Filter the lines below, keeping each one that holds "wearing".

START Source data

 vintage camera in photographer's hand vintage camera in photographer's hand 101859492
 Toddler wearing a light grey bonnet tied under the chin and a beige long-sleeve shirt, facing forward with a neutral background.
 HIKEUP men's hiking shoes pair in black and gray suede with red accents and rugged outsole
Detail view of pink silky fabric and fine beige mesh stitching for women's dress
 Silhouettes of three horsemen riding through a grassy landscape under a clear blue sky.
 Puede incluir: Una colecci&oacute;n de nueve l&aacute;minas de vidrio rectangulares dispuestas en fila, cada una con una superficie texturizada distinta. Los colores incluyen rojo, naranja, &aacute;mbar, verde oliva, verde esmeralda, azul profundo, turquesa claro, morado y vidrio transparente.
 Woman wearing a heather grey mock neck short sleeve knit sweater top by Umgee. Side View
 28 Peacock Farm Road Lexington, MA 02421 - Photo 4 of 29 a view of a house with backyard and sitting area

END Source data
START Source data

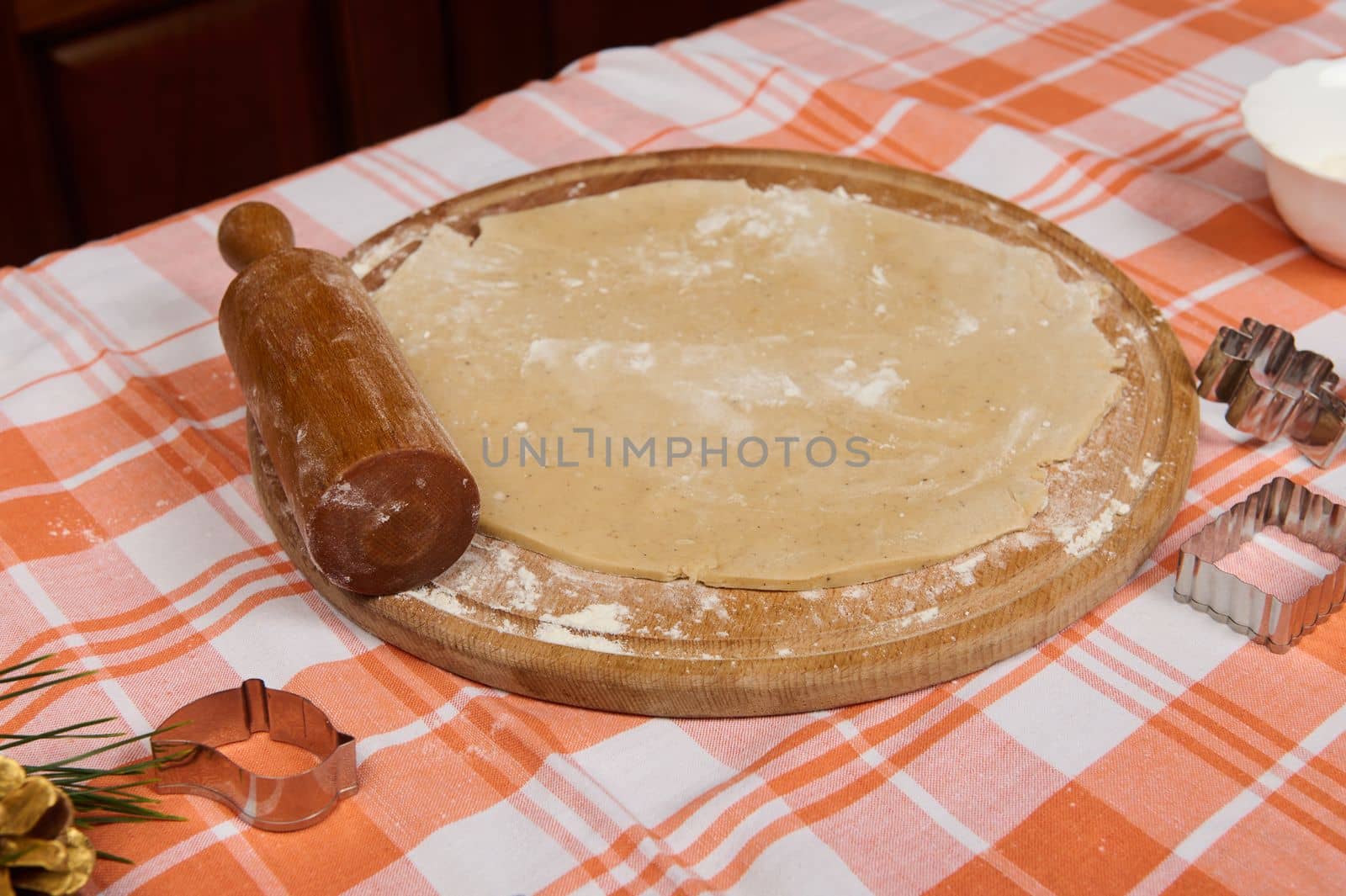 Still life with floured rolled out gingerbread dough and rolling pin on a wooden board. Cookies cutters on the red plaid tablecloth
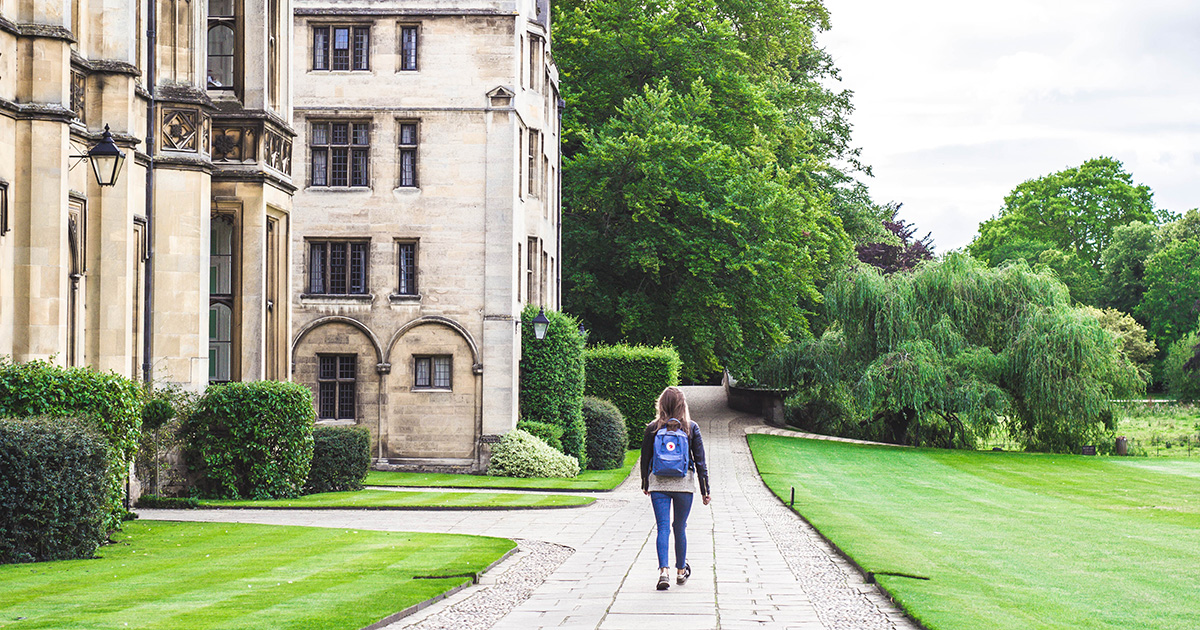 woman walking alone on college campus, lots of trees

END Source data

= Written solution =
 Toddler wearing a light grey bonnet tied under the chin and a beige long-sleeve shirt, facing forward with a neutral background.
 Woman wearing a heather grey mock neck short sleeve knit sweater top by Umgee. Side View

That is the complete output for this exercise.